Social media demands brands change their ways

People - your customers and mine - are using the tools provided by social media to great effect in their purchase decision-making process. While consumers have always shared their opinions on products and services, digital amplifies their ability to communicate these to their peers, and not only friends and family, but also to friends of friends of friends. News and views travel fast these days, and consumers are rating the advice they social media marketing articles receive from people they trust (or whom their friends trust) very highly.
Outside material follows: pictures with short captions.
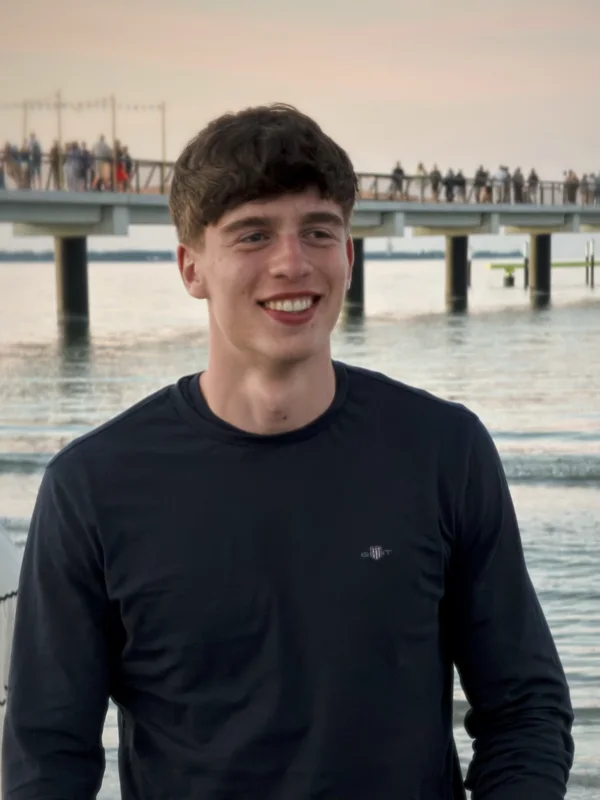 Julian Weege an der Seebrücke, dunkles Langarmshirt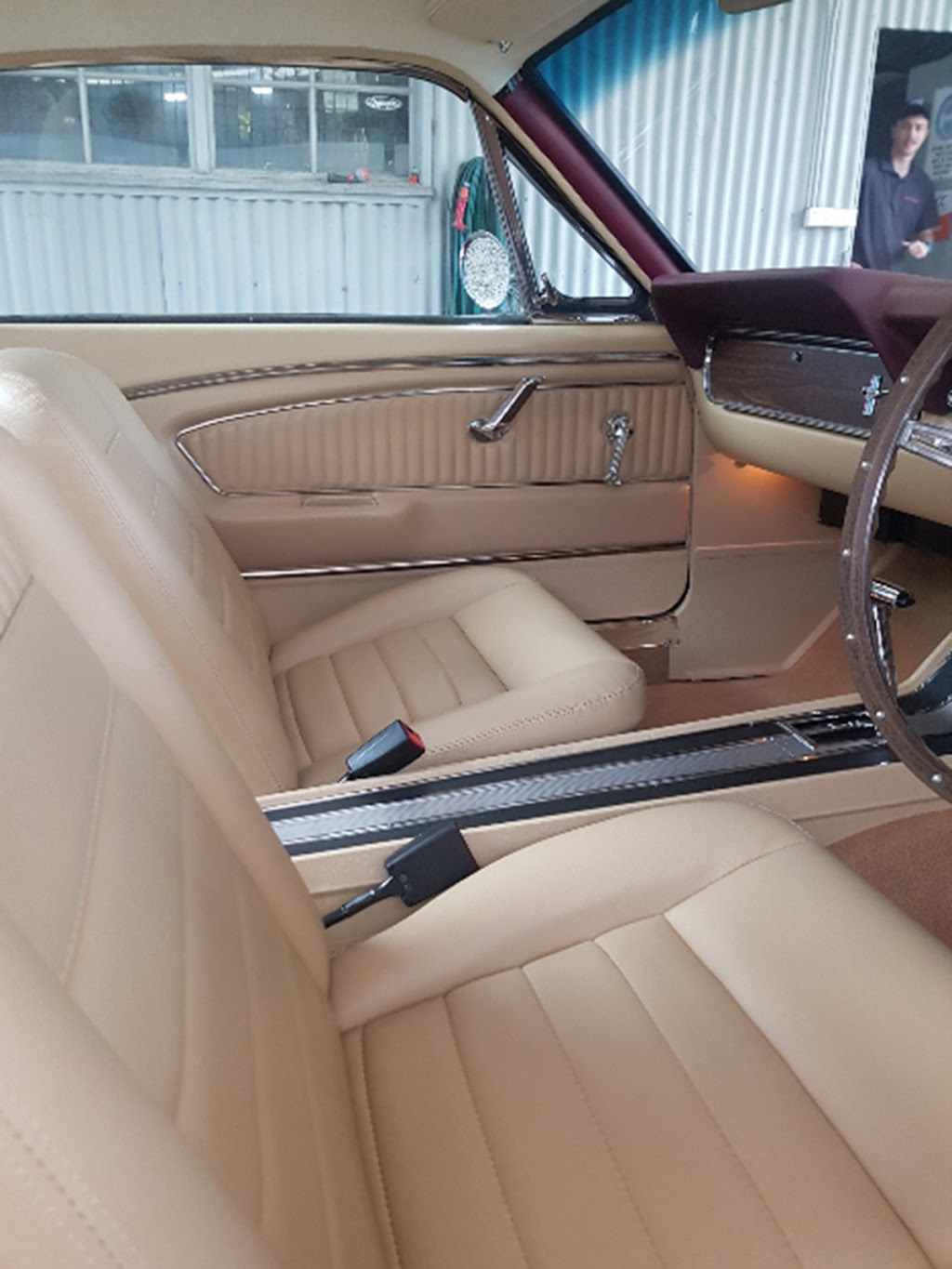 Griffs Trim Shop Car Upholstery | 4 Comb St, Soldiers Hill VIC 3350, Australia | Phone: 0418 519 702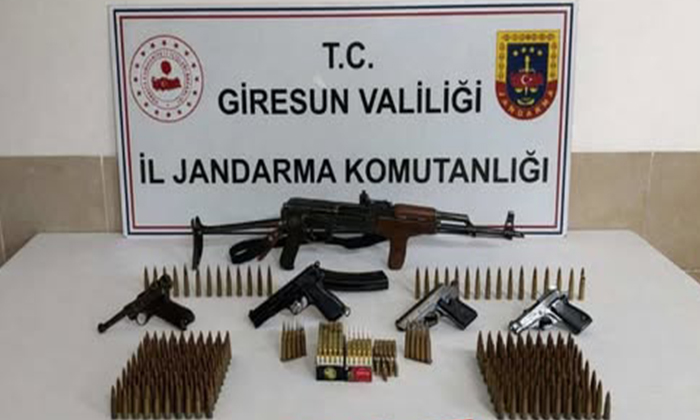 Giresun’da Yapılan Operasyonda: Çok Sayıda Silah Ele Geçirildi
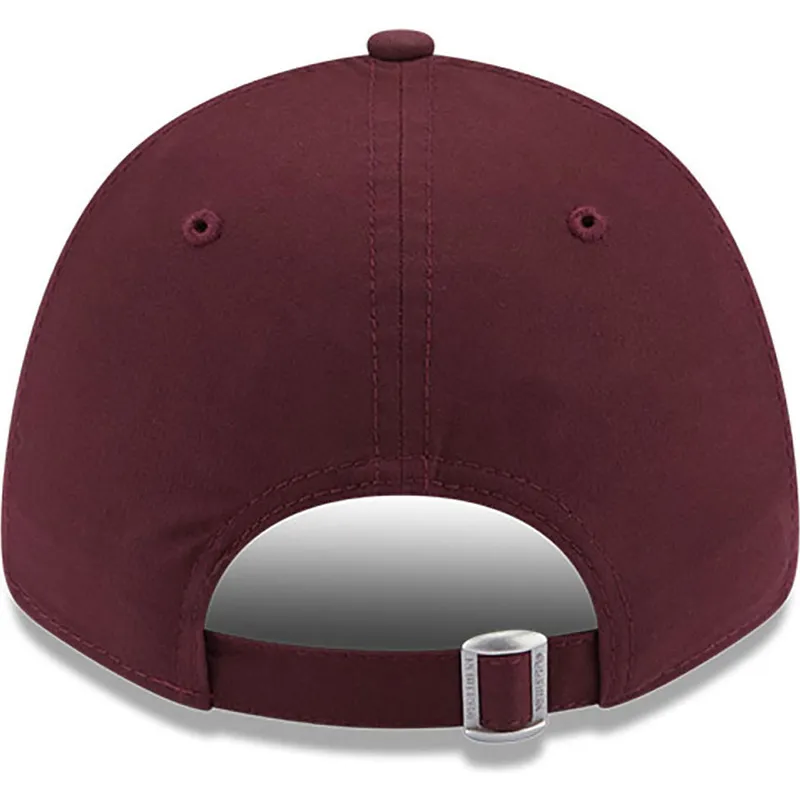 kapa-zaobljena-crvena-podesiv-9forty-repreve-new-york-yankees-mlb-new-era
Many marketers would say this spells nothing but a communications nightmare, but here's a tip: social media isn't going away. It's going to grow exponentially, thanks to the rise in adoption of smartphones and tablets; it's going to get noisier and more opinionated; and, if you can't embrace the opportunities and address the challenges it brings about, well, you're toast. Forrester Research estimates that online and web-influenced offline sales are already accounting for 42% of total retail sales in the US (Forrester Research: US Online Retail Forecast, 2009-2014). That will grow to 53% of total retail sales by 2014. That equates to US$1.409 trillion in web influenced offline sales - in the US alone! Here in South Africa, research by World Wide Worx shows that online retail sales hit R2.028 billion in 2010, with 40% growth predicted for this year. Last year, 3.6 million South Africans social media marketing dallas had been online for five years or more, meaning they are well-adapted to and comfortable with digital, a number that will increase to 6.8 million by 2015. That is more than 10% of the population comfortable with using the digital tools such as social media available to them. The Mobility 2011 research project, also by World Wide Worx, shows that 39% of urban South Africans and 27% of rural users are now browsing the Internet on their phones, meaning at least six million South Africans now have Internet access on their phones.